妹妹蘇清雪也揹著她那花布書包,揣著一個熱乎乎的貼餅子當早飯,蹦蹦跳跳地去屯裡的小學堂了。
屋子裡只剩下蘇清風和王秀珍兩人。
經過昨夜那番剖白心跡與尷尬並存的糾纏,倆人間殘留著一絲若有若無的曖昧與不自然。
王秀珍手腳麻利地收拾著碗筷,眼神卻不太敢與蘇清風對視,只是低著頭,耳根處還泛著淡淡的紅暈。
蘇清風的左臂依舊隱隱作痛,動作間不免有些遲緩。
他正琢磨著今天是不是再去林大生家問問去公社彙報的情況,或者去屯裡轉轉,卻聽見在廚房刷洗的王秀珍發出一聲低低的驚呼。
“呀!”
蘇清風心頭一緊,以為她燙著了或是摔了,連忙起身快步走到廚房門口:“咋了秀珍?”
現在蘇清風在沒人的時候都直接喊名字了。
廚房裡,王秀珍正站在灶臺邊,手裡還拿著溼漉漉的抹布,臉色有些發白,眼神緊張地瞟著堆放柴火的角落。

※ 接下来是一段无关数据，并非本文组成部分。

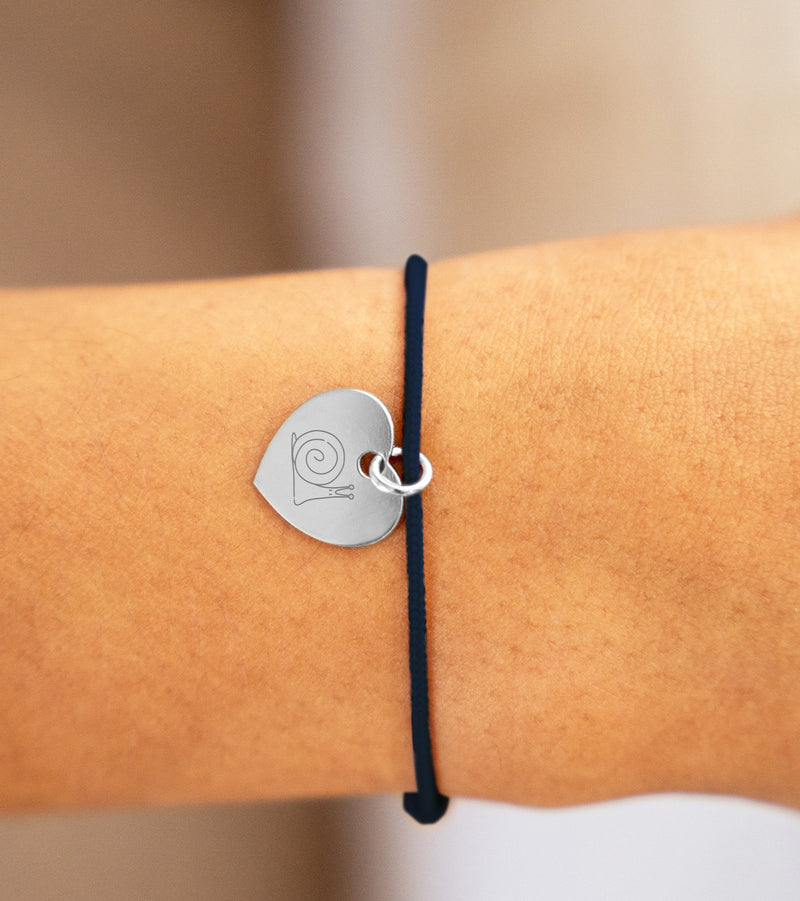 Un bracelet délicat en argent, orné d'un cœur de 15mm, sur un cordon bleu.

“清……清風。”她壓低了聲音,像是怕驚擾了什麼,“我好像……好像看見個大耗子,‘呲溜’一下就鑽到柴火堆後面去了!個頭不小,灰撲撲的,嚇死個人了!”
這年頭,屯子裡家家戶戶都難免有老鼠光顧,偷吃糧食,咬壞物件,甚至傳播疾病,是人們深惡痛絕的東西。
尤其是這春荒時節,老鼠更是猖獗。
蘇清風一聽是老鼠,鬆了口氣,不是她受傷就好。
他雖然左臂不便,但對付只老鼠還是沒問題的。“沒事,你別怕,我把它揪出來。”
王秀珍卻還是有些擔心地看著他的左臂:“你胳膊行嗎?要不……要不等會兒我去隔壁借只貓來?”
“用不著,一隻耗子而已,還能反了它?”
蘇清風笑了笑,示意她放心。
他先是小心翼翼地將廚房裡那些容易碰倒的瓶瓶罐罐,碗碟傢什往中間挪了挪,免得等會兒追逐的時候打碎了。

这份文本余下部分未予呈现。